Cooperation between the collector routine and the monitor service may provide full data center visibility. The monitor service may provide complete visibility into cloud services such as Amazon Web Services (AWS). The monitor service may combine AWS CloudWatch metrics, synthetic transactions and custom metrics with visibility into on-premises infrastructure for a complete view into hybrid environments. Thus, an array of things may be automatically monitored: active interfaces, BGP sessions, CPUs, memory pools, temperature sensors, modules and cards, respective CPU and memory, QoS policies, IP SLA profiles, VoIP specific features, ESX hosts, datastores, virtual machines, resource pools, VMware environment, operating systems of virtual machines, applications running on virtual machines (including IIS, MySQL, Apache), storage arrays, session statistics for ICMP, TCP and UDP protocols, percentage of total sessions actively used, session utilization, SSL sessions and capacity, active interfaces, CPU usage, disk activity, IO per second, cache age, consistency point activity, per volume space, inode and snapshot utilization, per volume read and write latency, IO operations per second and throughput, disk, fan and power supply failures, autosupport success, LUN queue depth, and network traffic flows including Netflow, J-Flow, and S-Flow.
This arrangement allows an administrator to determine exactly where network problems originate and to therefore proactively manage challenging network conditions such as congestion and over-consumption of network resources. The monitor service may support measurement, visualization and alerting on availability and performance of websites through multiple steps, from multiple locations around the globe.
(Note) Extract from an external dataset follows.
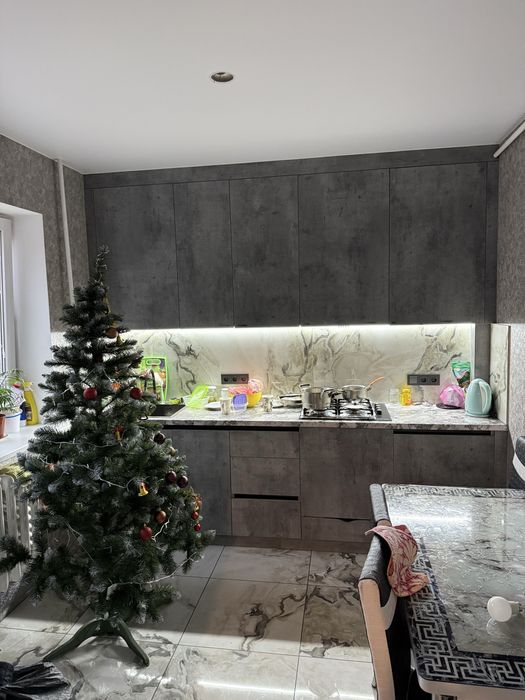 НАТЯЖНОЙ ПОТОЛОК, натяжні стелі,слив воды с натяжного потолка ,ремонт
The monitor service may support tracking of site performance from multiple locations around the world or from within private networks. The monitor service may support confirmation that monitored websites are up and accessible from one or multiple external test locations, or from within a selected network. The monitor service may support multi-step tests that handle authentication and check for specific content in responses. The monitor service may support making HTTP GET, HEAD, or POST requests to multiple URLs and confirming that the correct web page is loaded. The monitor service may ping an IP address from one or more external locations. The monitor service may collect and manage network device configurations, and correlate changes with performance impacts. The monitor service may generate alerts, for example using default thresholds or thresholds tuned on a global, group or object level.
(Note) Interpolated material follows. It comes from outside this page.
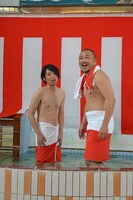 浴衣を脱いで湯船に入るクマムシ。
The event collection process 300 includes a start-up process 310, an operations process 320 and a recovery process 330. The flowchart has both a start 305 and an end 395, but the event collection process 300 is cyclical in nature.
If the collector routine experiences certain kinds of problems when communicating with the monitor service, the collector routine can use an alternate path to the monitor service, such as through proxies operating in servers 130c, 130d (
The collector routine connects to the proxy through an outbound port and creates a bi-directional socket for communication to the server running the proxy. The collector routine can then communicate with the monitor service by sending traffic to the proxy. The proxy then relays the messages to the monitor service through a bi-directional socket dedicated to each collector routine. Thus, the collector routine does not need a direct connection to the monitor service.
During the start-up process 310, the collector routine performs a discovery operation 311 to discover available proxies. When the relay connection is established, the collector routine can exchange messages with the monitor service via the proxy.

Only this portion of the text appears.